In re Corey E.

SPEAR, J.

The respondents appeal from the trial court’s judgment extending a previously ordered commitment of their two minor children to the department of children and families (DCF).1 They assert that Gen*368eral Statutes § 46b-129 (e)2 precludes an extension of commitment where, as here, DCF has filed a petition to terminate parental rights. We affirm the judgment of the trial court.

The trial court found the following facts. The two minor children were adjudicated neglected on March 20, 1992, and committed to the custody of DCF for a period of eighteen months. On August 10, 1993, DCF successfully petitioned the court to extend the commitment for an additional eighteen months through November 3, 1993. On October 27, 1993, the commitment was again extended to March 20, 1995.

On November 30, 1994, DCF petitioned to terminate the respondents’ parental rights to the two minor children pursuant to General Statutes § 17a-112 (a).3 These petitions have not been heard. On December 22, 1994, DCF filed petitions to extend the commitment for an additional eighteen months through September 20, 1996.

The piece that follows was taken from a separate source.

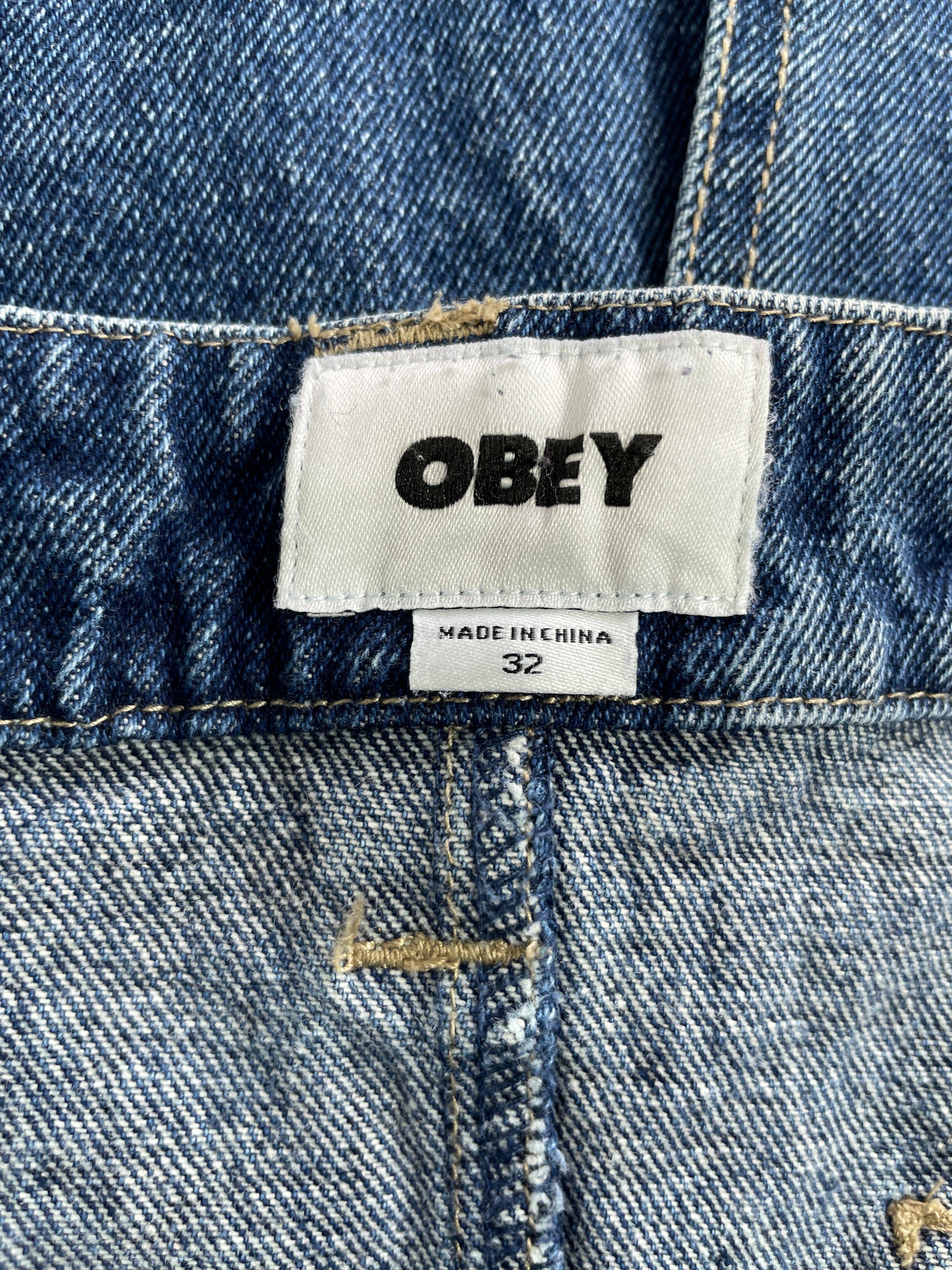 Size 32 OBEY denim maxi skirt original size and brand label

The respondents moved to strike the petition claiming that § 46b-129 (e)4 precludes DCF from moving to extend a commitment after filing a petition to terminate parental rights during the same commitment period. The court denied the motion to strike and granted the extension. This appeal followed.

*369I

We first address the question of mootness that arose at oral argument. Mootness deprives this court of subject matter jurisdiction. Loisel v. Rowe, 233 Conn. 370, 378, 660 A.2d 323 (1995); First Trust National Assn. v. Hitt, 36 Conn. App. 171, 174, 649 A.2d 798 (1994). The test for determining mootness is not “[wjhether the [respondents] would ultimately be granted relief .... The test, instead, is whether there is any practical relief this court can grant the appellant.” (Emphasis added.) Citicorp Mortgage, Inc. v. Hairiston, 34 Conn. App. 138, 138-39, 640 A.2d 146 (1994). If the minor children must remain in the custody of DCF pending the outcome of the petition to terminate parental rights, a decision by this court that the extension of the commitment was improper would afford no practical relief to the respondents. “ [I]t is not the province of appellate courts to decide moot questions, disconnected from the granting of actual relief or from the determination of which no practical relief can follow.” (Internal quotation marks omitted.) Gagnon v. Planning Commission, 24 Conn. App. 413, 415, 588 A.2d 1385 (1991), aff'd, 222 Conn. 294, 608 A.2d 1181 (1992).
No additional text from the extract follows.